Era davvero uno straordinario insieme di persone. Splendide nobildonne chiacchieravano affabilmente con violenti radicali, predicatori famosi sfioravano con le code di rondine eminenti filosofi scettici, un codazzo di vescovi inseguiva di sala in sala una formosa primadonna, sulle scale erano radunati membri dell'Accademia Reale travestiti da artisti e a un certo punto si disse che la sala da pranzo era letteramente zeppa di geni. Insomma, era una delle serate meglio riuscite di Lady Windermere (...)

Aveva cambiato marito più d'una volta; a dire il vero, Debrett le accreditava almeno tre matrimoni, ma poiché non aveva mai cambiato amante, il mondo aveva cessato da un pezzo di gridare allo scandalo. A quell'epoca aveva quarant'anni, era senza figli, e possedeva quella smodata sete di piacere che costituisce il segreto per rimanere giovane.

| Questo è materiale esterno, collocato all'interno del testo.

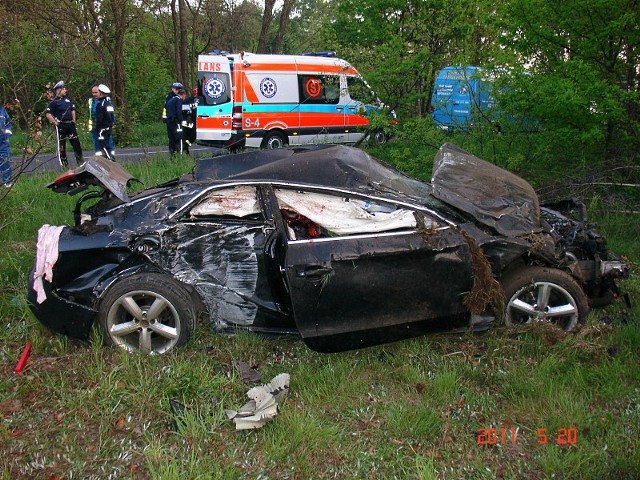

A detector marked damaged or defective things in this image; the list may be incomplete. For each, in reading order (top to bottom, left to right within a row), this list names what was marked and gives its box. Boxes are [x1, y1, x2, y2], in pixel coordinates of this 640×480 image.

severely wrecked black car [27, 142, 628, 352]
crumpled hood [430, 144, 540, 238]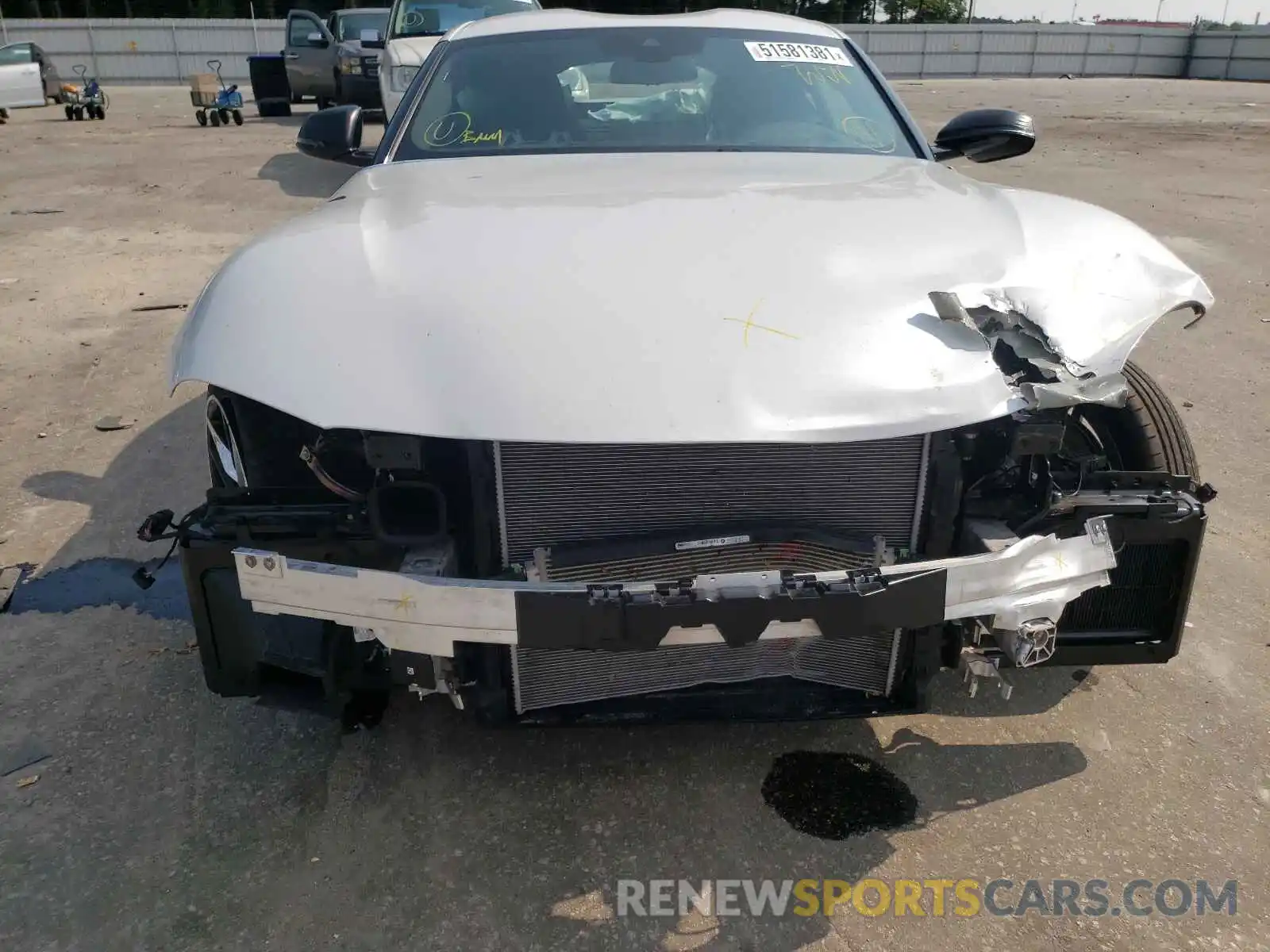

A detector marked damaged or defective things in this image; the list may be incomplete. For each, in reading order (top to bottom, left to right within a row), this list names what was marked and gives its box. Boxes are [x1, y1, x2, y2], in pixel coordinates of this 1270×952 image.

white damaged hood [168, 152, 1213, 441]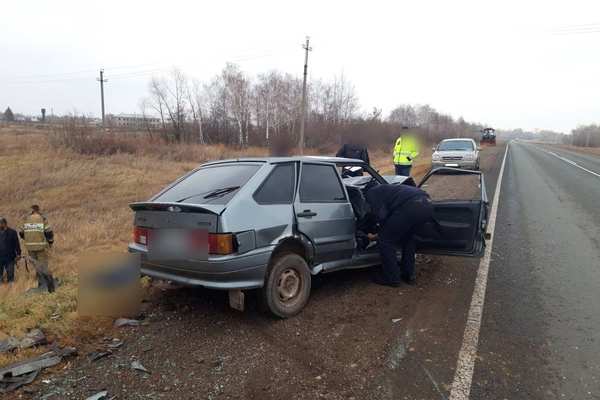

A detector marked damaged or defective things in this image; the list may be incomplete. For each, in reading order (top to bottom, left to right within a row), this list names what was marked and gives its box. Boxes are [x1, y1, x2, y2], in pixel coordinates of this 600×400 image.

damaged car [127, 158, 488, 318]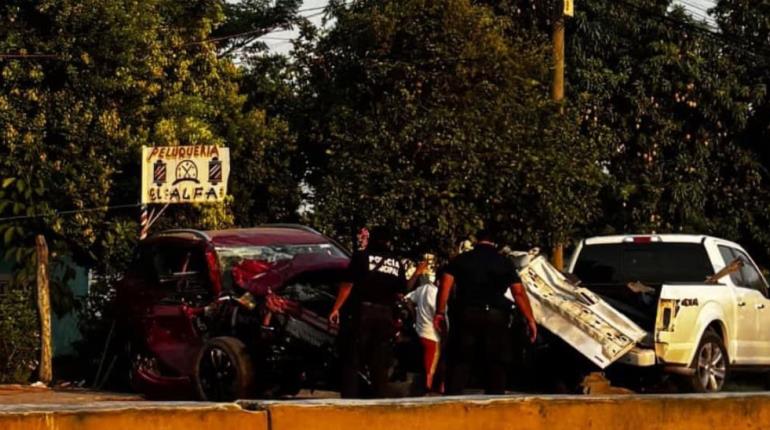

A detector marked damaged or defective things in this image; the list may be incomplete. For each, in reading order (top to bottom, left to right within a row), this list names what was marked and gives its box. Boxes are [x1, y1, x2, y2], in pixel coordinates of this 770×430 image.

damaged red car [113, 225, 348, 400]
shattered windshield [218, 242, 346, 292]
detached car hood [516, 255, 648, 370]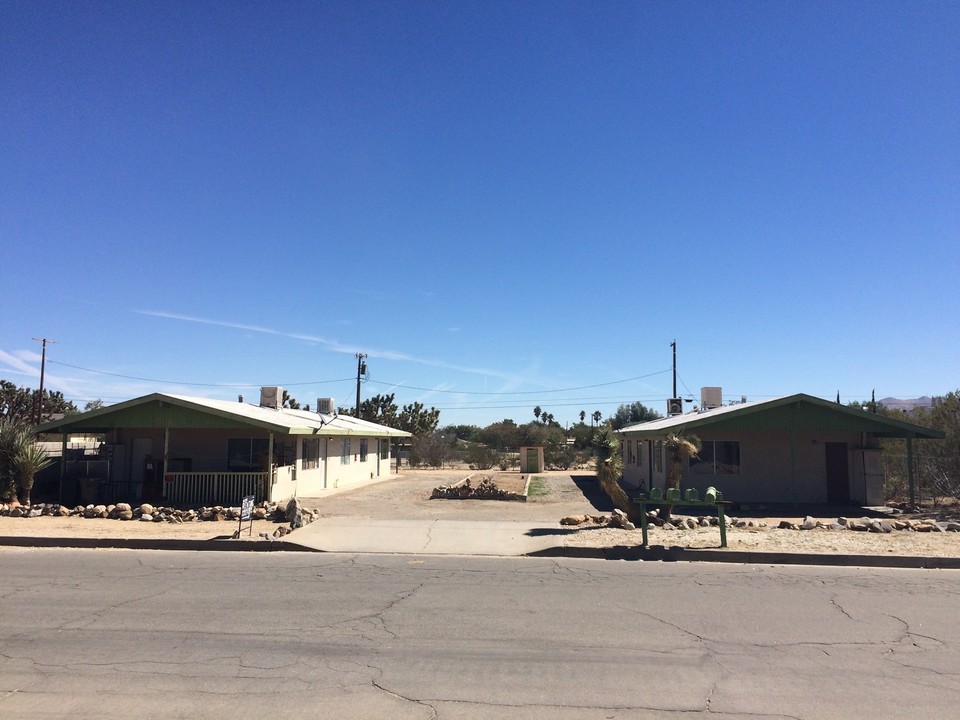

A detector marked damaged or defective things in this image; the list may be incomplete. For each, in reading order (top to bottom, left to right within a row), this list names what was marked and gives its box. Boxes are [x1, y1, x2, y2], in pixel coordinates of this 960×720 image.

A un certo punto diede un'occhiata alla sala con aria inquieta, e chiese, con la sua chiara voce di contralto: "Dove si sarà cacciato il mio chiromante?" (...)
"Certo che è qui. Non mi sognerei mai di dare una festa senza di lui. Dice che ho una mano puramente psichica, e che se il mio pollice fosse stato solo un tantino più corto sarei diventata una pessimista acclarata e mi sarei rinchiusa in convento."

"Sybil e io sappiamo ogni cosa l'uno dell'altro."
"Oh, mi spiace che lei dica questo. L'elemento basilare di un matrimonio è l'incomprensione reciproca. No, non sono affatto cinica, ho una certa esperienza, ecco tutto, il che in fondo è la stessa cosa."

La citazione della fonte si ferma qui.